(Paris) Passer de l’écriture rageuse des manuscrits de Louis-Ferdinand Céline à une édition près de 90 ans plus tard de Guerre, roman étonnamment abouti, a exigé un travail d’orfèvre mené par l’éditeur Gallimard.

Ce livre, écrit probablement en 1934, est resté dix ans dans les archives du romancier, dans son appartement du quartier de Montmartre.

En juin 1944, sentant le vent tourner, ce collaborationniste quitte Paris dans la précipitation. Direction l’Allemagne, où il n’a pas la possibilité d’emporter ses inédits.

Des résistants s’emparent de ces 6000 feuillets. Leur sort reste inconnu pendant une soixantaine d’années, jusqu’à ce qu’ils soient donnés à un ancien journaliste, Jean-Pierre Thibaudat, qui contacte les ayants droit.

Ceux-ci, l’avocat François Gibault et une autre proche de l’épouse de Céline, Véronique Robert-Chovin, n’ont pas voulu travailler avec lui. Et M. Thibaudat est contraint de remettre les manuscrits à la police, a expliqué à la radio Europe 1 son avocat, Emmanuel Pierrat.

Gallimard est déterminé à publier ces inédits avant que toute l’œuvre de Céline ne tombe dans le domaine public, en 2032. « Le travail doit être mené de façon très scrupuleuse », dit alors le PDG de la maison d’édition, Antoine Gallimard.

Guerre est le premier de la série à sortir. Dans la chronologie du narrateur et protagoniste, cette suite à Mort à crédit (1936) précède Londres, plus long, à paraître à l’automne.

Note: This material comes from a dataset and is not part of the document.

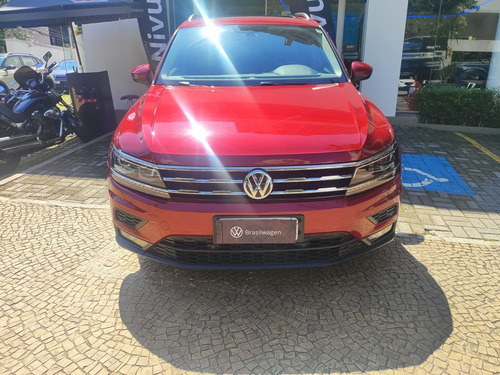 Tiguan Conf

Le roman « a été transcrit d’après un manuscrit de premier jet, le seul connu. […] Le texte présenté ici en restitue le dernier état de rédaction », écrit dans une « note sur l’édition » l’historien Pascal Fouché.

« Céline écrit beaucoup en abrégé. Avec l’habitude, on arrive à déchiffrer, mais il rature, réécrit entre les lignes et ce sont souvent des petits ajouts qui sont très difficiles voire impossibles à lire », explique-t-il à l’AFP. Certains mots ou passages sont donc entre crochets.

« C’est écrit très vite, au fil de la plume. Il laisse des blancs, il y a des répétitions, il y a des maladresses qu’il aurait forcément corrigées à la relecture. Il n’y a pas de ponctuation ou très peu. Il n’y a pas de paragraphes », ajoute-t-il.

Gallimard en a ajouté, conformément aux habitudes de l’écrivain, plutôt que de retranscrire ad litteram le flot continu du premier jet.

Dans le contenu, le romancier tenait une ébauche très réussie. Pourquoi ne l’a-t-il jamais publiée lui-même ? « On ne peut faire que des hypothèses », d’après Pascal Fouché.

Après l’effort qu’a nécessité Mort à crédit, fraîchement accueilli par la critique, Céline, préoccupé par la dégradation du climat politique, fait une pause dans son œuvre romanesque pour devenir pamphlétaire antisémite en 1937.

Il retournera au roman sous l’Occupation, avec Guignol’s Band. « Mais à ce moment-là, est-ce qu’il a envie de revenir sur l’autre guerre ? », se demande l’historien.

Autre problème : Guerre, au contenu sexuel très explicite, heurte la morale de l’époque. « Son éditeur lui avait caviardé des mots trop crus dans Mort à crédit. Céline n’avait peut-être pas envie que ça se répète », suppose Pascal Fouché.